--- Records supplied Enclosed Below ---

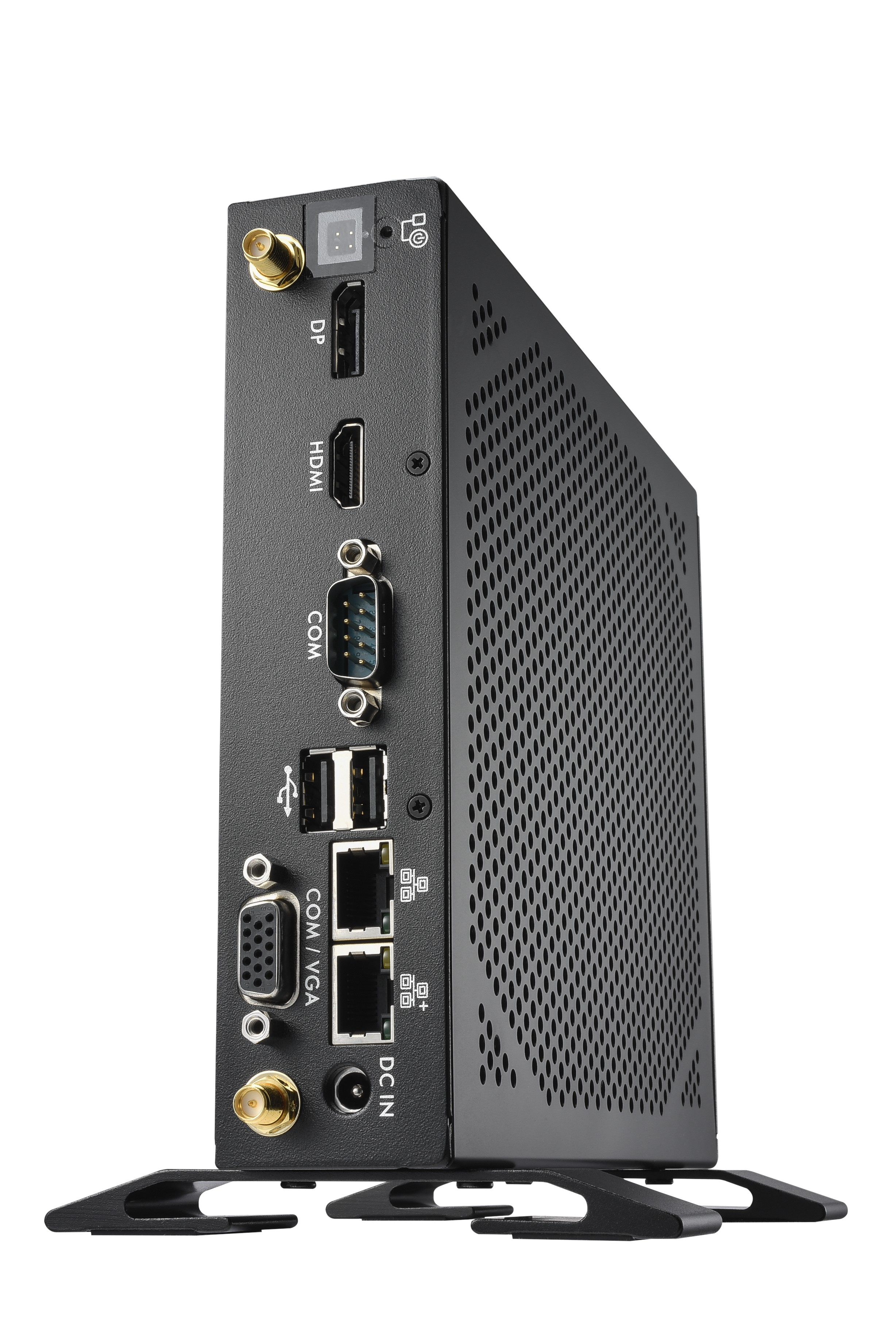 Shuttle XPC slim Barebone DS50U, Intel Celeron 7305, 2x LAN (1x 2.5Gbit ,1x 1Gbit), 1xCOM,1xHDMI,1xDP, 1x VGA, fanless, fonctionnement permanent 24/7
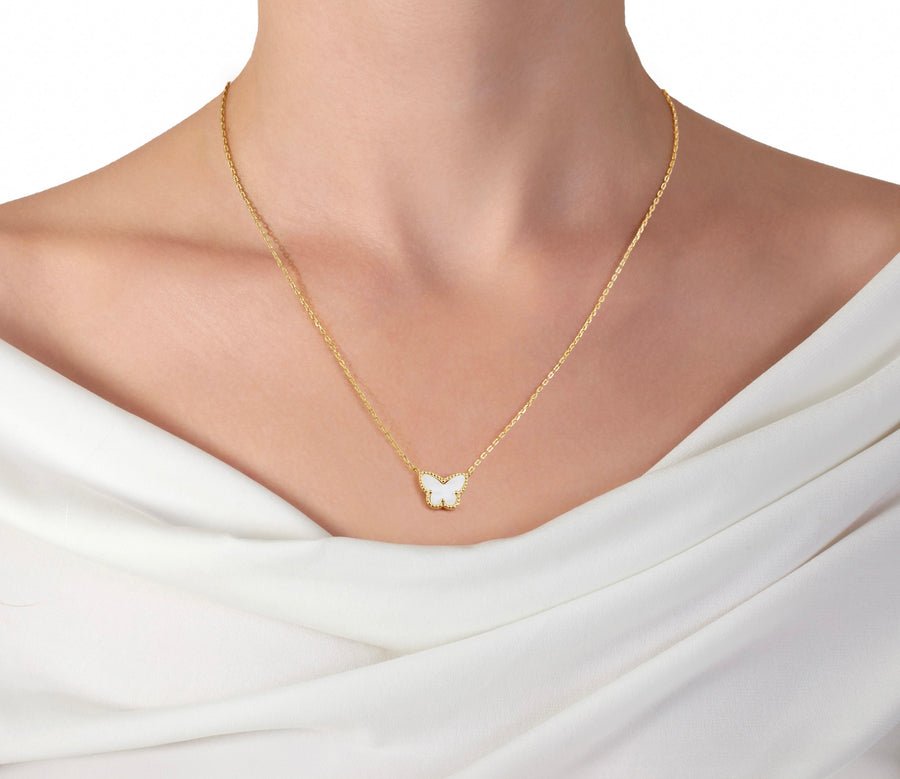 Chain Necklace Pearl Butterfly Necklace Pearl Butterfly Necklace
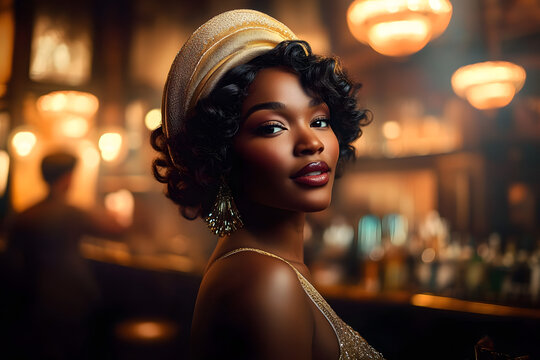 Roaring 20's African American flapper girl in a bar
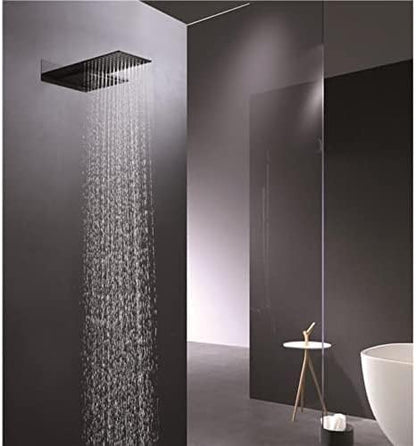 Inbouwthermostaat Douche – Thermostaatkraan – Regendouche – Waterval Douche – Wandmontage – 48x33,5 cm Sproeier – Mat Zwarte Afwerking – Constante Temperatuur Met Turn Clean System
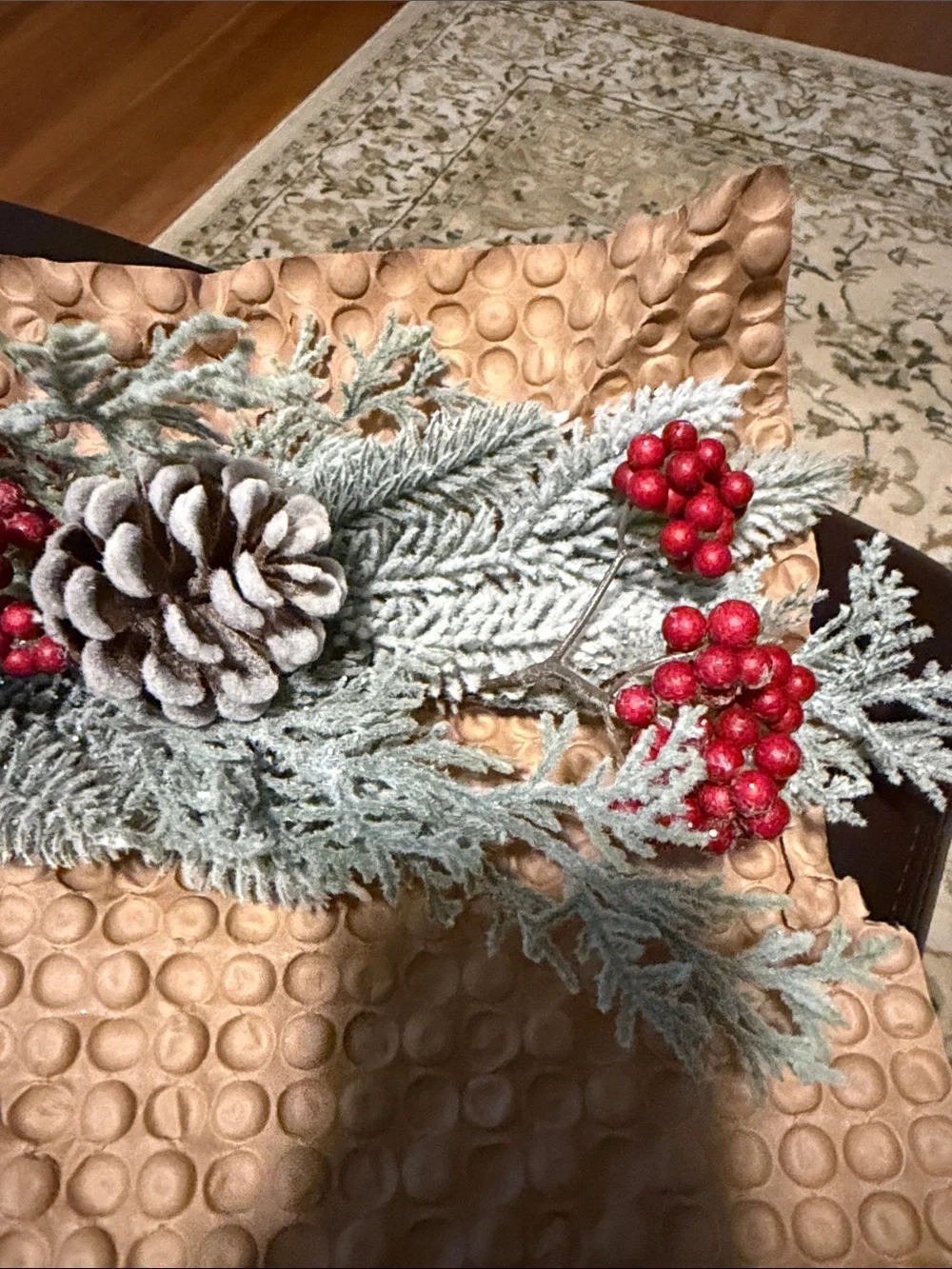 Frosted Pinecone & Red Berry Holiday Pick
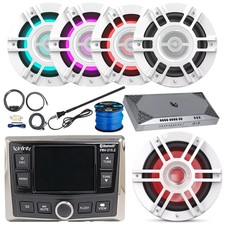 Infinity Marine Radio, 4x 8" Led Speaker, Wire, 10" Led Sub, Amp W/kit, Antenna
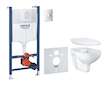 Grohe Solido - Set předstěnové instalace, klozetu a sedátka Bau Ceramic, softclose, tlačítko Skate Air, chrom 39888000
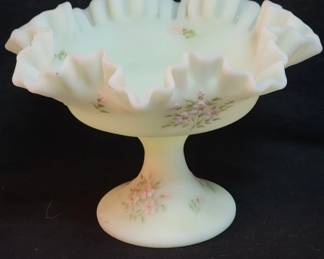Vintage hand painted Fenton custard glass compote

--- End of Enclosed Records supplied ---

Leaving every picture out, return the lines from the one containing "Roaring 20's African" through the last line of the records exactly.

 Roaring 20's African American flapper girl in a bar
 Inbouwthermostaat Douche – Thermostaatkraan – Regendouche – Waterval Douche – Wandmontage – 48x33,5 cm Sproeier – Mat Zwarte Afwerking – Constante Temperatuur Met Turn Clean System
 Frosted Pinecone & Red Berry Holiday Pick
 Infinity Marine Radio, 4x 8" Led Speaker, Wire, 10" Led Sub, Amp W/kit, Antenna
 Grohe Solido - Set předstěnové instalace, klozetu a sedátka Bau Ceramic, softclose, tlačítko Skate Air, chrom 39888000
Vintage hand painted Fenton custard glass compote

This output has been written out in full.